---------- Data provided
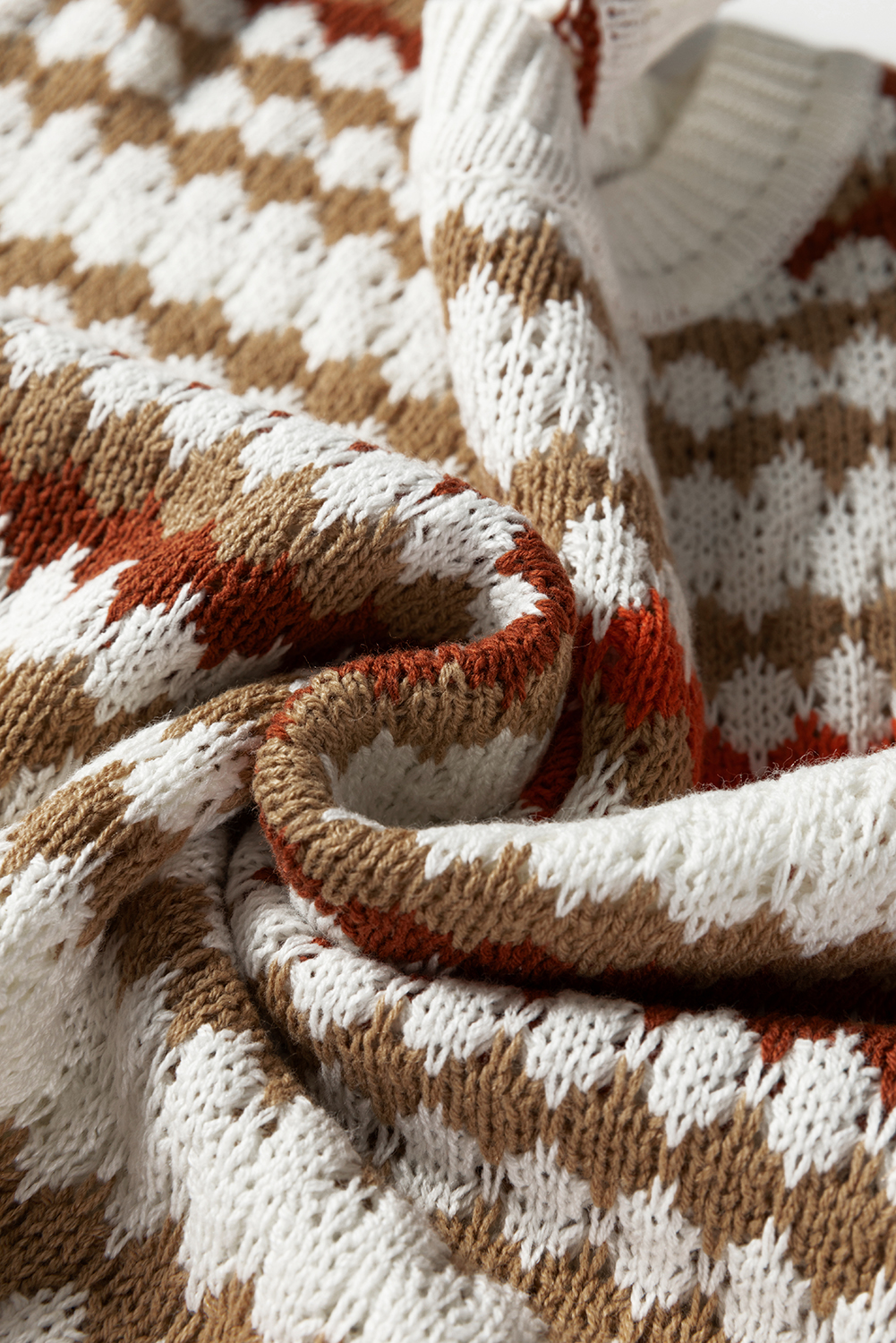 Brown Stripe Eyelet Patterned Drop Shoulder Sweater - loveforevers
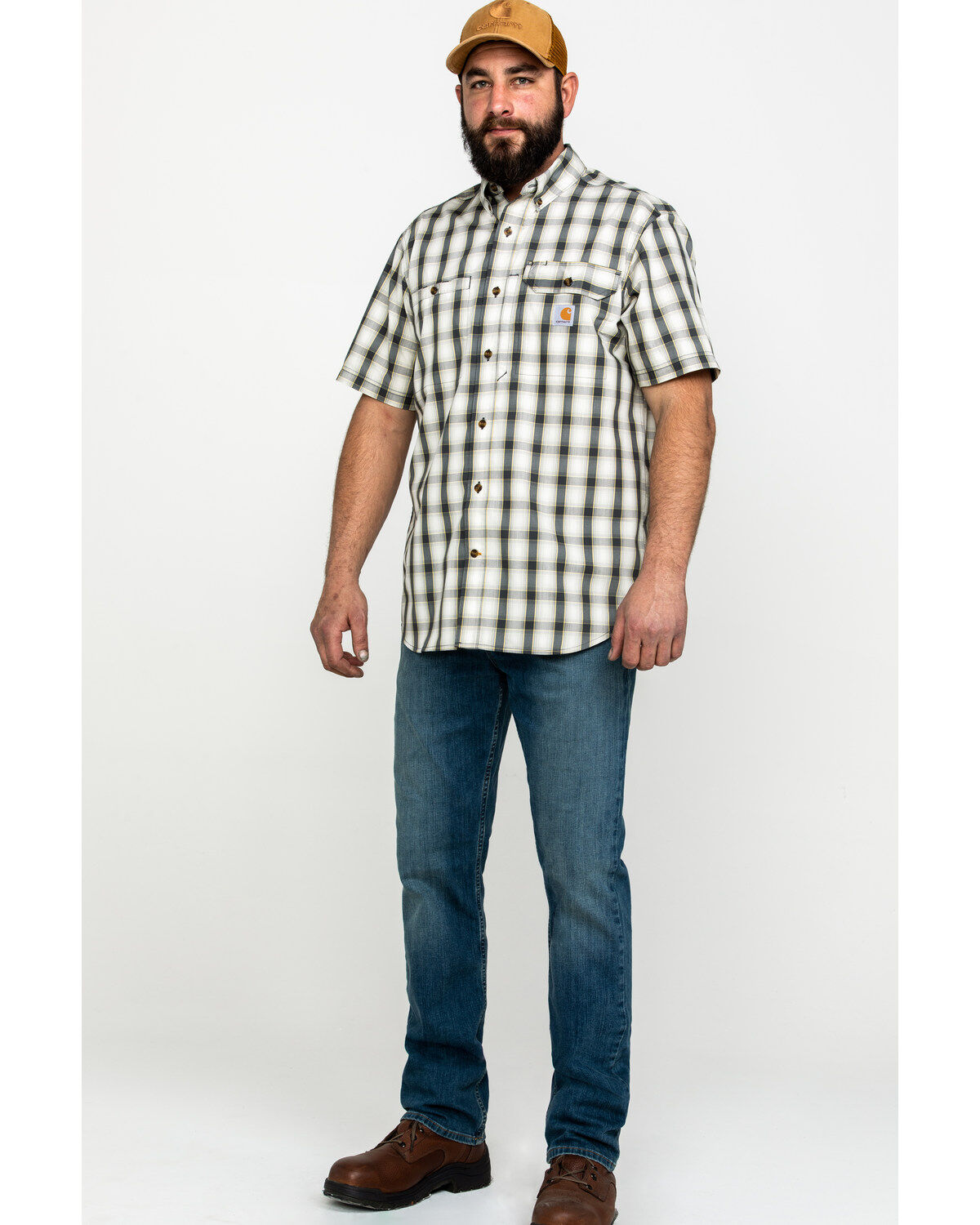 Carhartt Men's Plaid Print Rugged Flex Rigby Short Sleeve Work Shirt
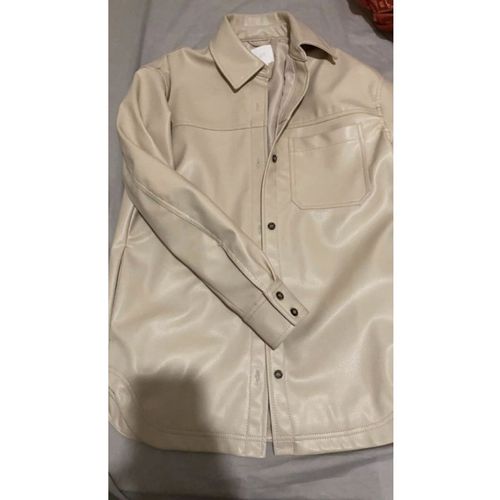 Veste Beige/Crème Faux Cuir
--------------------
■ Task directions: The answer should contain only the lines from the one with "Carhartt Men's Plaid" through the last line of the material, given word for word and without pictures.

■ Solution:
 Carhartt Men's Plaid Print Rugged Flex Rigby Short Sleeve Work Shirt
 Veste Beige/Crème Faux Cuir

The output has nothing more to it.